My name is Kenji Okada, Group CFO of Tokio Marine Holdings. I thank all of the participants for joining us tonight despite this late in the day. Thank you for your interest in Tokio Marine. Today, Tokio Marine announced its Q3 results and upward revision to full year projections. I am going to be explaining about that first. Without further ado, please turn to page three. I have two points I would like to convey to you today. The first point is that Q3 earnings was very strong. Adjusted net income for the Q3 was JPY 472.9 billion. This is a progress rate of 96.5% against the annual projection announced back in November last year. Therefore, I believe it is fair to conclude that current business performance is robust.
The second point is that based on the strong Q3 results and strong business momentum, we are making an upward revision to full-year projections. Specifically, full-year guidance of Adjusted Net Income will be revised upwards by JPY 70 billion from JPY 490 billion announced in November to JPY 560 billion this time. Now I will give more details on both of these two points. Please turn to page four. First, I will talk about top line. Q3 results on Net Premiums Written excluding FX impact increased by 4.9% year-on-year, and Life Insurance Premiums increased by 0.5% year-on-year. Both these are making good progress against our annual projections and performance is strong.
Backed up by strong performance of overseas businesses, annual projection of net premiums written was also revised upwards and it is now positive 4.2% growth year-on-year. Next, I will talk about Adjusted Net Income. Please turn to page five . Q3 result was strong, as I touched upon earlier, and this is mainly driven by TMNF and international business. To be more specific, at TMNF, in addition to the strong top-line results, incurred losses declined significantly from the November projection. This is due to decrease in natural catastrophes and large losses compared to a normal year and decrease in traffic volume due to COVID-19, which has mitigated loss ratio in the auto line of business. As a result, we already exceeded the full year forecast by 6.5% as of the end of the Q3.
In the international business, with strong underwriting profit and investment income, we achieved a strong progress rate against the full-year forecast at 92.4%. Based on these results, we made an upward revision to our full-year guidance, which I would like to discuss on page six. As I mentioned earlier, we revised up the full-year projection for adjusted net income by JPY 70 billion. First, TMNF is revised up by JPY 20 billion. This is because we released JPY 15 billion from the natural catastrophe budget to make the full-year budget JPY 40 billion before tax. Also, based on the recent actual results, we revised net premiums earned. Next, international business is revised up by JPY 45 billion. As the accounting period for the international business ends in December, we reflected the most recent results to the extent that we know.

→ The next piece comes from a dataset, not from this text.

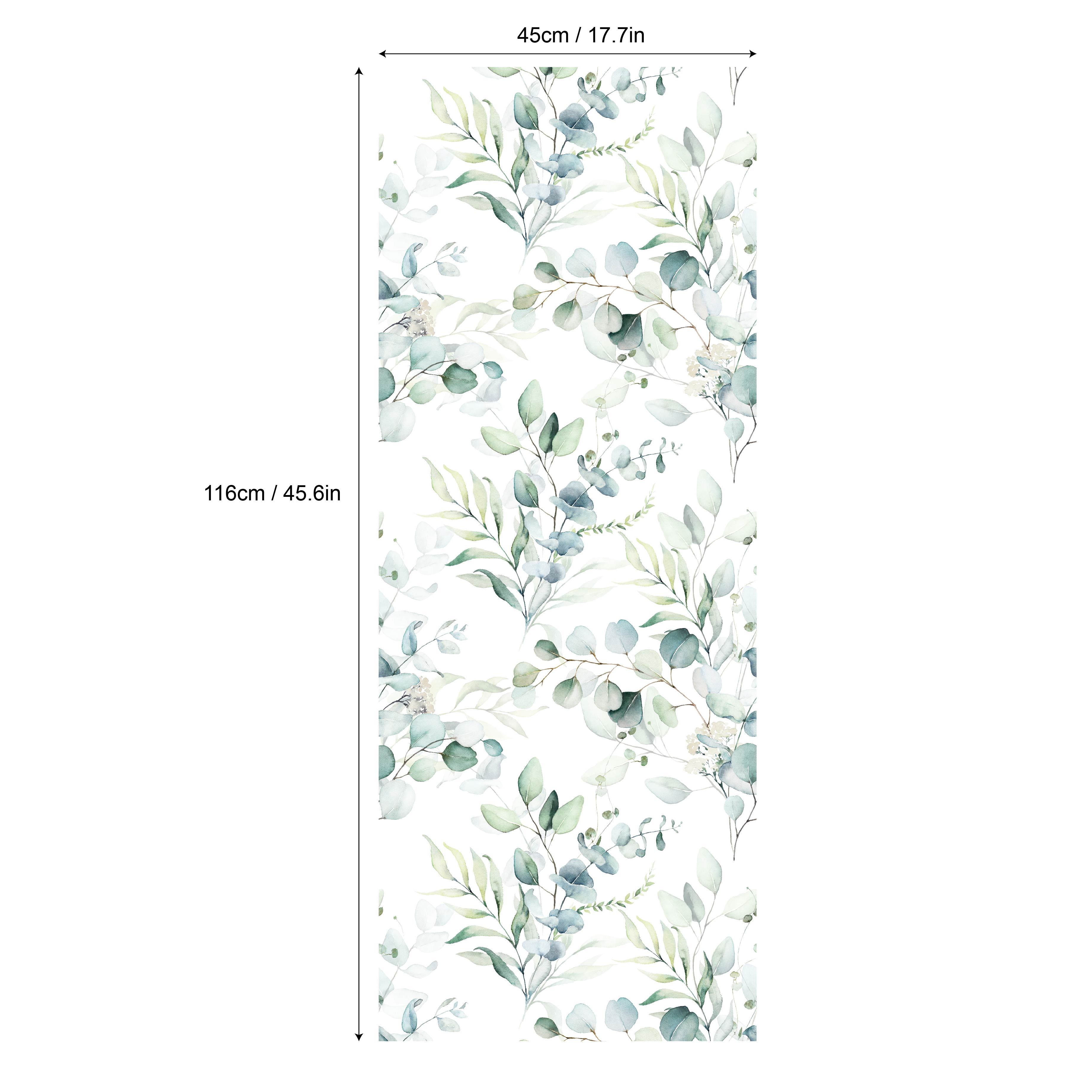 1pc 17.7*45.6inch Privacy Window Film, 4 Grass Leaf Pattern Frosted Window Stickers Electrostatic Window Stickers, Anti-ultraviolet Film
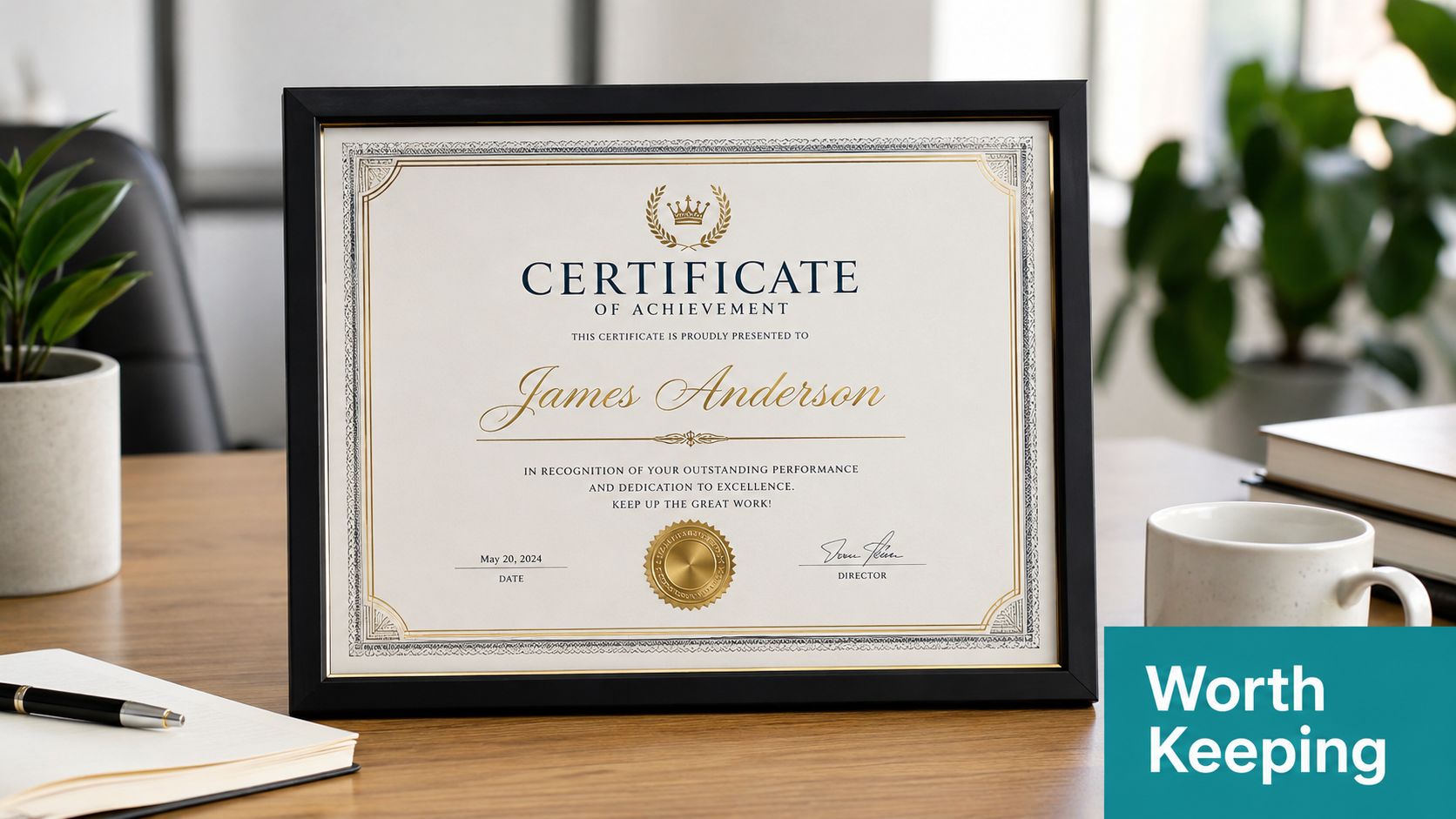 A framed certificate of achievement for James Anderson displayed on an office desk with a coffee mug.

To be more specific, as shown on the slide, underwriting results were strong, partly helped by benign NatC at losses. On the investment front, those capital and income gains increased, and currencies worked favorably with weaker Japanese yen. Also, other profit is revised up by JPY 5 billion. This is because sales volume of business-related equities is expected to increase by JPY 10 billion. All in all, adjusted net income is projected at JPY 560 billion. You might rather be interested in underlying level of income as a basis to estimate FY 2022 performance. Certainly, the projected JPY 560 billion includes some one-off factors such as benign NatCat losses and capital gains in North America by approximately JPY 20 billion each or JPY 40 billion in total.
In addition, while we haven't done detailed calculations, we also assume that mitigated loss ratio under the pandemic is helping our income by about JPY 10 billion and sales volume of business-related equities has been exceeding our original plan. In terms of our underlying performance, management team appreciates that we are capable of exceeding JPY 500 billion. I like to finish off my remarks with some comment on capital management, although there is no slide prepared. Last December, we announced share repurchase up to JPY 40 billion. As of the end of January, we implemented the plan by JPY 20 billion, which made our total repurchase at JPY 80 billion so far in FY 2021 on a cumulative basis. Our stock price is now exceeding JPY 7,000 with a market cap of approximately JPY 5 trillion.
As I discussed earlier, given our underlying capabilities, we think our stock is still undervalued. As for the remaining JPY 20 billion in the share repurchase program, we intend to make flexible decisions and execute the program. We will continue to implement our management and business strategies steadily and along with disciplined capital management, we strive to increase profit and ROE. We would like to continue to meet the expectations of capital market, and I would like to ask for your continued support.